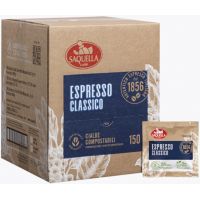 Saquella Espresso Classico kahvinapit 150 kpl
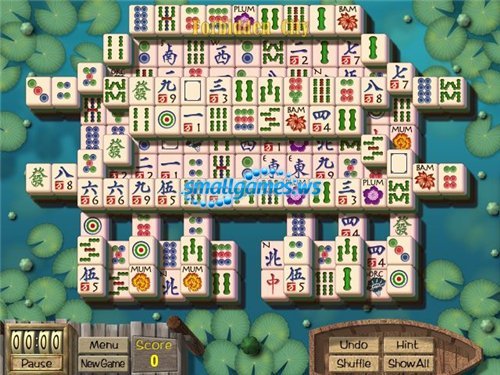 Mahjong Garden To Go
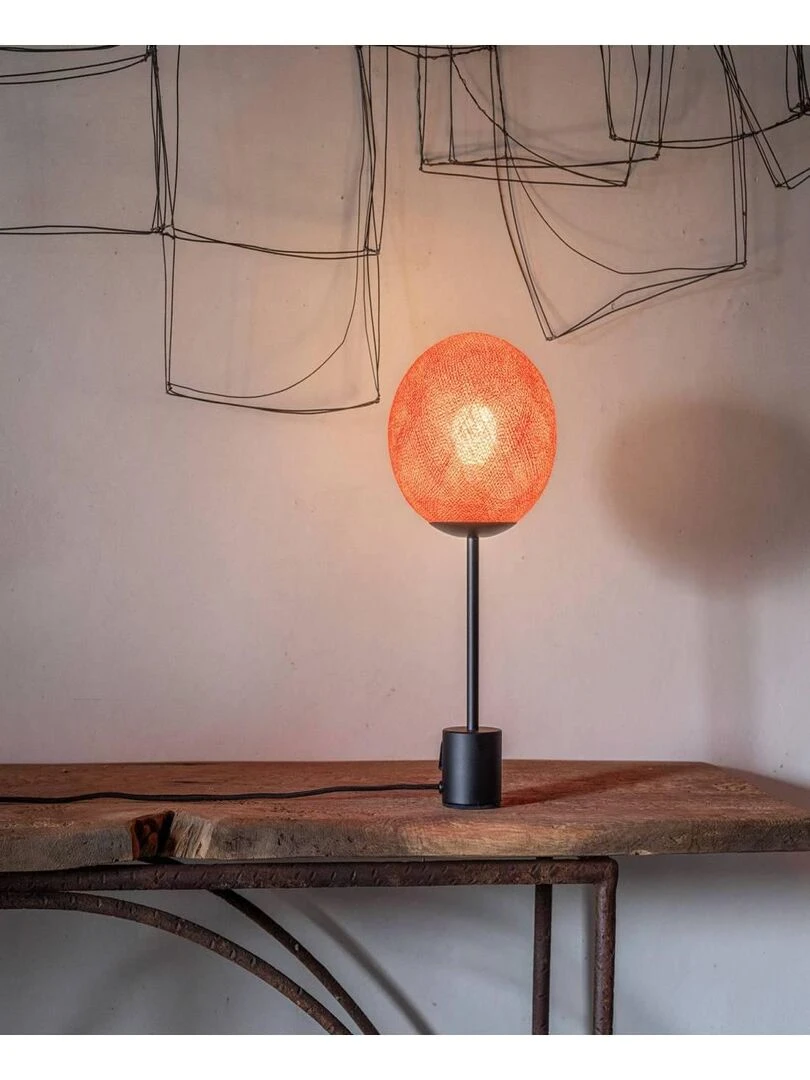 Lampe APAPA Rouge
==
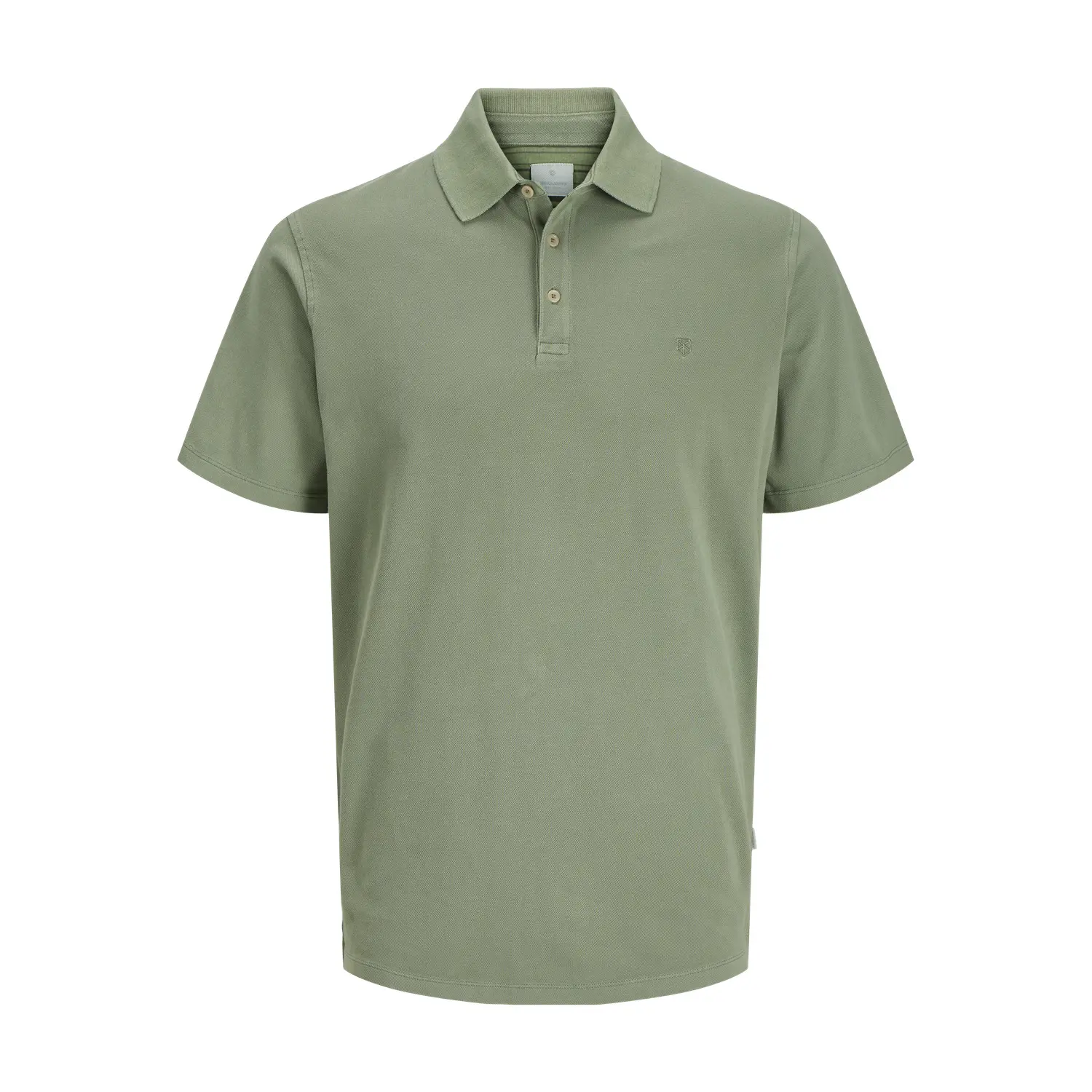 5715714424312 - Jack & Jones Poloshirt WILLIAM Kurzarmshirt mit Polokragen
...
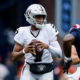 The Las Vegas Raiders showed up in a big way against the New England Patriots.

:: WHAT THE TASK REQUIRES ::
Would you restate, exactly and with no pictures, the lines of the entries above from the one containing "Saquella Espresso Classico" through the one containing "Lampe APAPA Rouge"?

:: RESULT FOR THIS TASK ::
 Saquella Espresso Classico kahvinapit 150 kpl
 Mahjong Garden To Go
 Lampe APAPA Rouge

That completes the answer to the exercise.